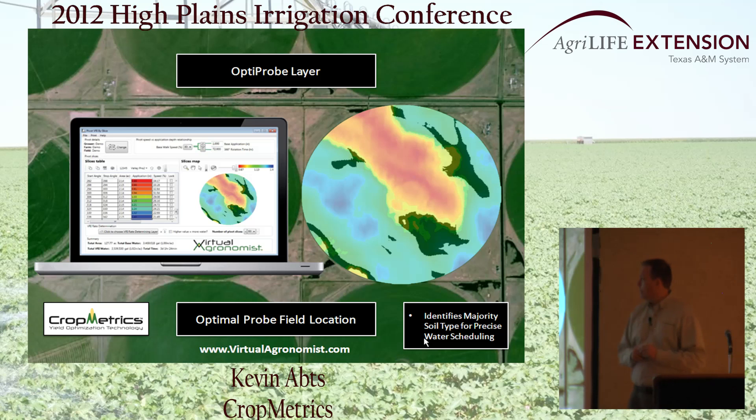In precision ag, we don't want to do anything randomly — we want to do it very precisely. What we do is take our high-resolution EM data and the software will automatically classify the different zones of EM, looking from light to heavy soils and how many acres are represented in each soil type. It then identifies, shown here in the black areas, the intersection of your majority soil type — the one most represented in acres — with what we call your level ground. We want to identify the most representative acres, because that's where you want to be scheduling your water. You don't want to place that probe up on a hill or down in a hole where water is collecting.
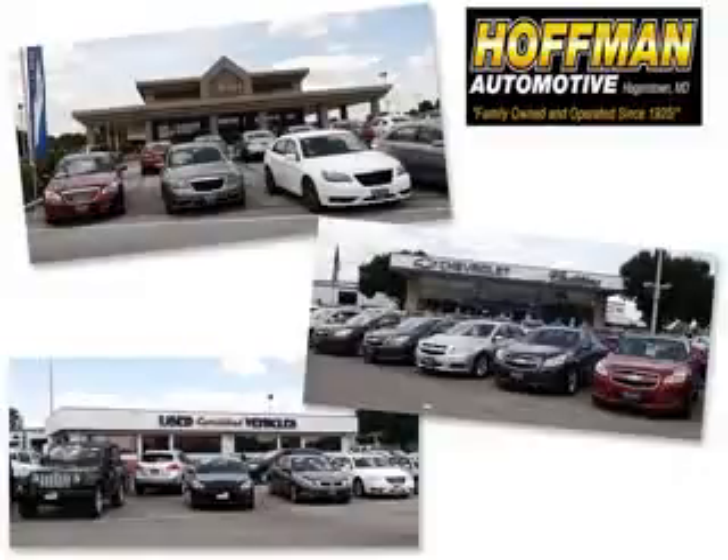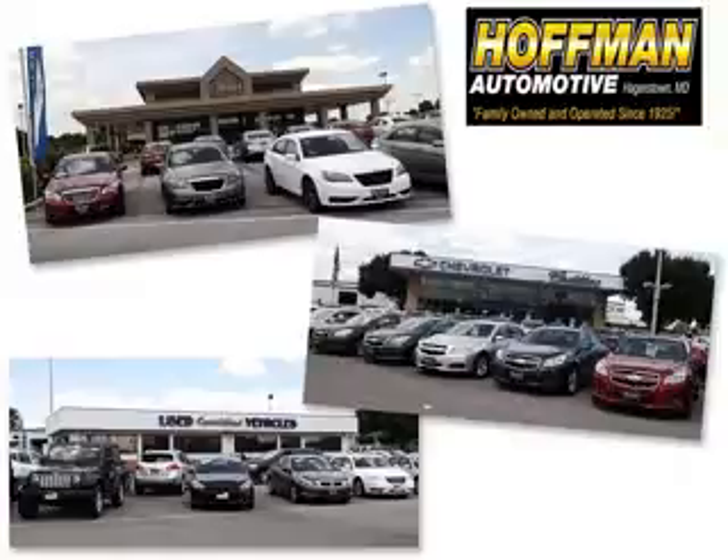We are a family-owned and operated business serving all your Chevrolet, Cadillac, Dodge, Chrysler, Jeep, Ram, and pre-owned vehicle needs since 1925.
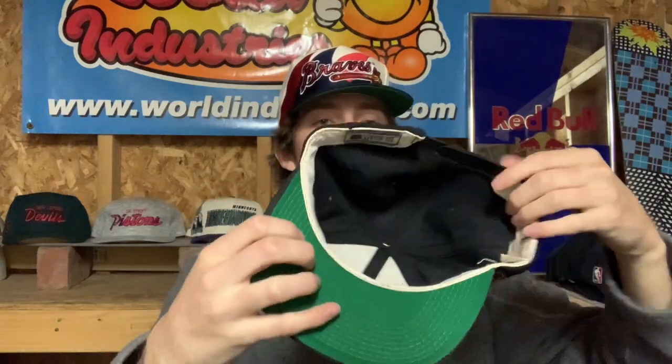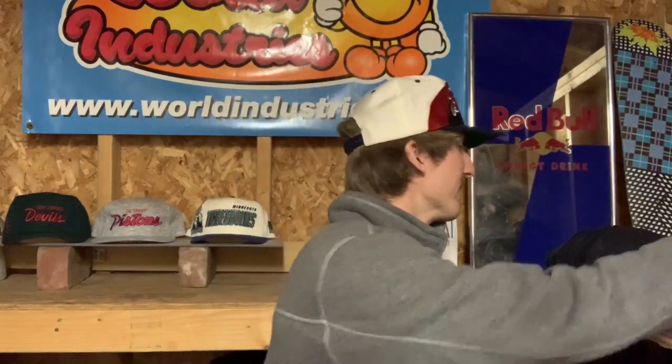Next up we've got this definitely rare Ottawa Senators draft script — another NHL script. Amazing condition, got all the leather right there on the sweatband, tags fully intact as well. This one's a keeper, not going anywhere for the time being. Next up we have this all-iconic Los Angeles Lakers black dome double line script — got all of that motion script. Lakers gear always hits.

——

## What the task requires
Write out the whole listing above exactly; do not include the pictures.

## Answer area
In precision ag, we don't want to do anything randomly — we want to do it very precisely. What we do is take our high-resolution EM data and the software will automatically classify the different zones of EM, looking from light to heavy soils and how many acres are represented in each soil type. It then identifies, shown here in the black areas, the intersection of your majority soil type — the one most represented in acres — with what we call your level ground. We want to identify the most representative acres, because that's where you want to be scheduling your water. You don't want to place that probe up on a hill or down in a hole where water is collecting.
We are a family-owned and operated business serving all your Chevrolet, Cadillac, Dodge, Chrysler, Jeep, Ram, and pre-owned vehicle needs since 1925.
Next up we've got this definitely rare Ottawa Senators draft script — another NHL script. Amazing condition, got all the leather right there on the sweatband, tags fully intact as well. This one's a keeper, not going anywhere for the time being. Next up we have this all-iconic Los Angeles Lakers black dome double line script — got all of that motion script. Lakers gear always hits.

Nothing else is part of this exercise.